ABSTRACT

With the emergence and growth of ‘venture philanthropy’, the traditional, and very close, relationship between philanthropy and the nonprofit sector has seen major changes. Keen to break away from ‘old fashioned’ ways of philanthropy, venture philanthropists are seen as concentrating their support on innovative answers to social challenges. Rooted in the ideals of New Public Management, an approach first developed in the UK and focused on using ‘knowledge and expertise acquired in business management and other disciplines to improve efficiency, effectiveness, and general performance of public services in modern bureaucracies’ (Vigoda, 2003: 1; Van Haeperen, 2012), venture philanthropy tries to overcome the perceived weaknesses of traditional philanthropy and charitable actions. These are prominently spelled out in Salamon’s (1987) critique of the field: ‘voluntary failures’, ‘philanthropic amateurism and inefficiency’, as well as ‘philanthropic insufficiency’, that is, an ‘inability to generate resources on a scale that is both adequate enough and reliable enough to cope with the human service problem of an advanced industrial society’ (Salamon, 1987: 111).
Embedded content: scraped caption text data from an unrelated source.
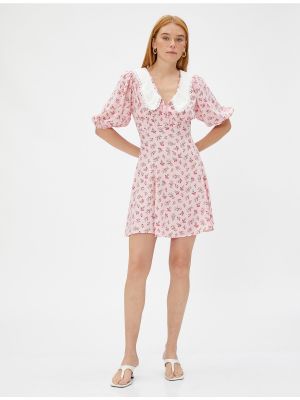 Mini haljina s cvjetnim printom Koton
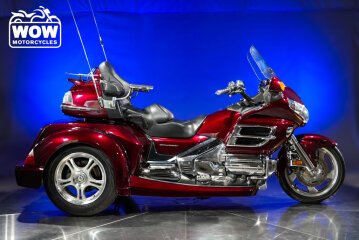 2008 Honda Gold Wing Premium Audio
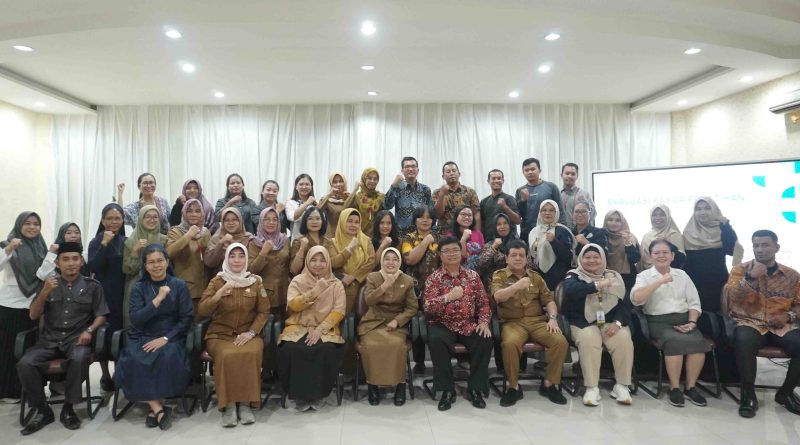 Pustakawan MAN Asahan Hadiri FGD Evaluasi Pasca Pelatihan Kepala Perpustakaan Sekolah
Venture philanthropy, through its support of social enterprising claims to address some of these concerns. To this end, venture philanthropy specifically looks to, and borrows its practices and vocabulary from, the finance and venture capital field (Wei-Skillern et al., 2007). As such, it moves beyond some of the ideas and ideals of entrepreneurial philanthropy discussed by Gordon and colleagues in Chapter 21.